Cuba’s Economic Reform Continues, Plans to Ditch Two-Tiered Currency

A Cuban shows Cuban Pesos CUP (Left hand) and Convertible Pesos CUC (Right hand), on October 22, 2013 in Havana.

Photo by YAMIL LAGE/AFP/Getty Images

Reports out of Cuba on Tuesday show that the country is continuing its economic liberalization by jettisoning its two-tiered currency system, in favor of a single Cuban peso.

The planned change, reported by Cuban state media, will reverse the currency system that’s been in place since 1994 where the country maintained two currencies: one, the CUC, pegged to the U.S. dollar used in the tourism industry and for foreign trade, and another, the CUP, used in the local economy that is worth only a fraction of it’s twin.

The value of the two currencies will gradually be unified, putting an end to a two-tiered currency structure, largely resented by ordinary Cubans, according to the BBC. The point of the different currencies was to protect Cuba’s fragile economy from the fluctuations of global markets. But it has negative consequences domestically, the BBC explains:

[It] angered locals paid in the much lower-value CUP and denied access to goods only available for those with convertible pesos. The policy exacerbated the creation of a two-tier class system in Cuba which divided privileged Cubans with access to the lucrative tourist and foreign-trade sectors from those working in the local economy - all-too-visibly contradicting Cuba’s supposedly egalitarian society.

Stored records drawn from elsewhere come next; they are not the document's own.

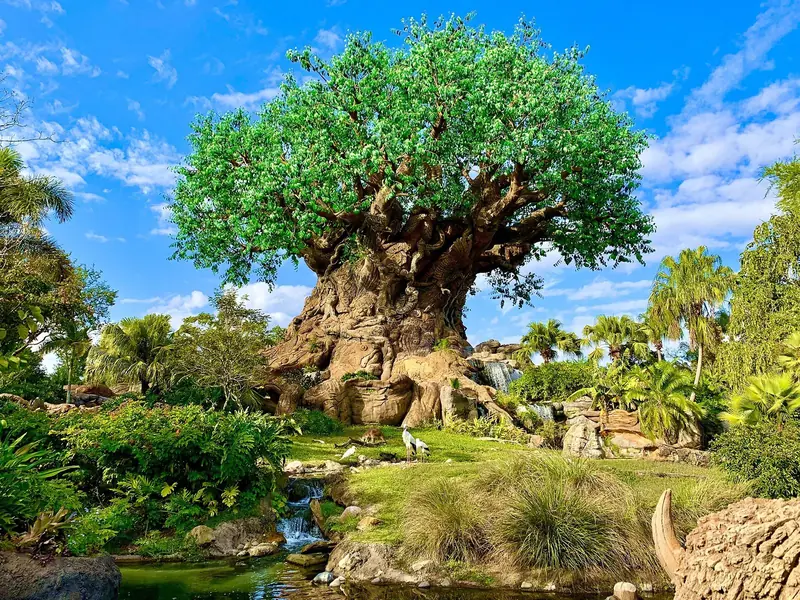 Árvore da Vida do Animal Kingdom, com tronco esculpido em formas de animais, cercada de vegetação e um riacho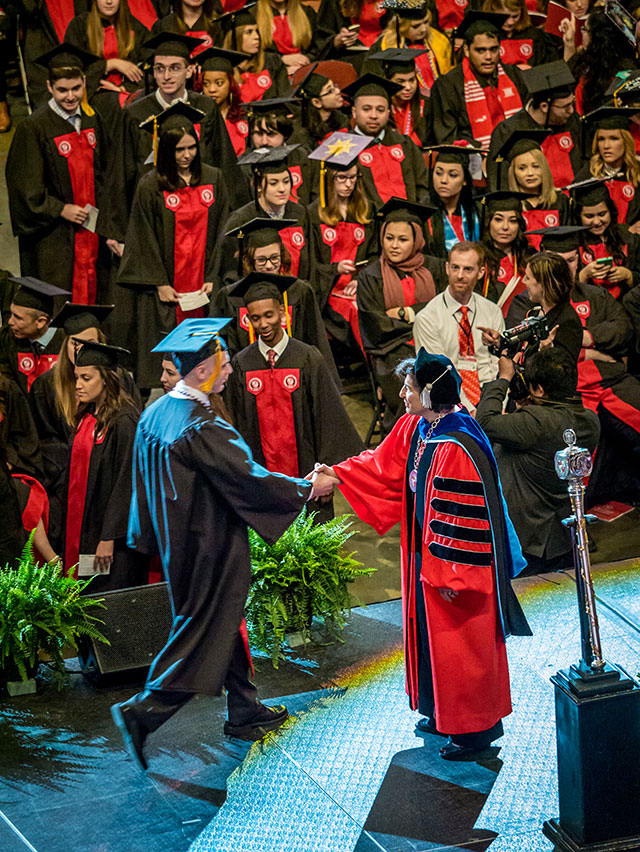 President Susan A. Cole greeting student as he crosses stage at Commencement.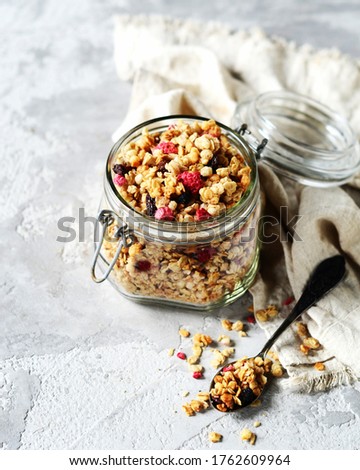 Homemade granola with berries and nuts in a glass jar on a gray background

The unification of the two currencies, Reuters reports, is expected to be a gradual process that could take up to 18 months. The currency change will first apply to businesses, according to Bloomberg Businessweek. The move is the latest effort by President Raul Castro, who took over for his brother Fidel Castro in 2008, to open up Cuba’s economy. Bloomberg Businessweek points out Cuba has already “loosened property laws, allowed the creation of more cooperatives and expanded the list of professions people can pursue outside state-run enterprises. Early this year the government also eased travel restrictions, letting many dissidents travel abroad more freely and return.”